Commençons à la ligne bleue, parce que c’est là que les enjeux sont les plus concrets. Avec seulement trois vétérans en santé, et Joel Edmundson qui « progresse », selon les dernières nouvelles, il reste tout de même trois postes ouverts, en calculant un effectif à sept défenseurs.

Martin St-Louis aurait très bien pu tenter de jumeler Jordan Harris et Arber Xhekaj à deux vétérans, afin de faciliter leur apprentissage. L’entraîneur-chef les a plutôt employés au sein du même tandem. « Jordan aime se porter à l’attaque, sans courir trop de risque. Je suis plus défensif, mais je peux donner un coup de pouce à l’attaque. On se complète bien », a observé Xhekaj, après le match.

PHOTO NICK IWANYSHYN, LA PRESSE CANADIENNE

Le gardien du Canadien Kevin Poulin

« Avec son patin, son gabarit et son intelligence, Arber facilite le travail de son partenaire », a pour sa part dit Harris, dans un renvoi d’ascenseur qui n’était pas arrangé avec le gars des vues, selon nos observations.
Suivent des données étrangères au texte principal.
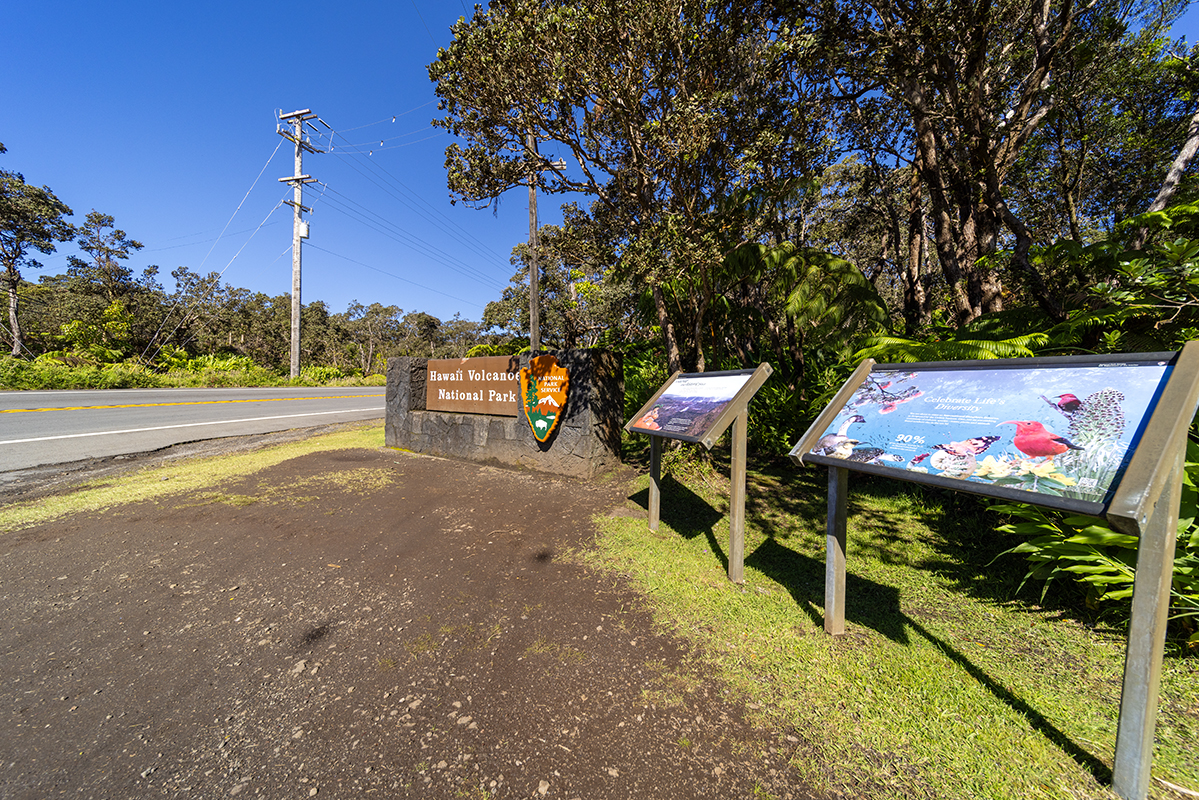 38 Wright Road Volcano, HI 96785 - Photo 3 of 19 Gallery Image 3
Leur match n’a pas été dénué d’erreurs. Harris a appris à la dure, sur le premier but du match, que Nick Robertson est un patineur redoutable. Xhekaj, lui, aime bien essayer de se sortir du pétrin avec son coup de patin, en zone offensive, plutôt que de se débarrasser de la rondelle, mais il lui arrive de se faire jouer des tours.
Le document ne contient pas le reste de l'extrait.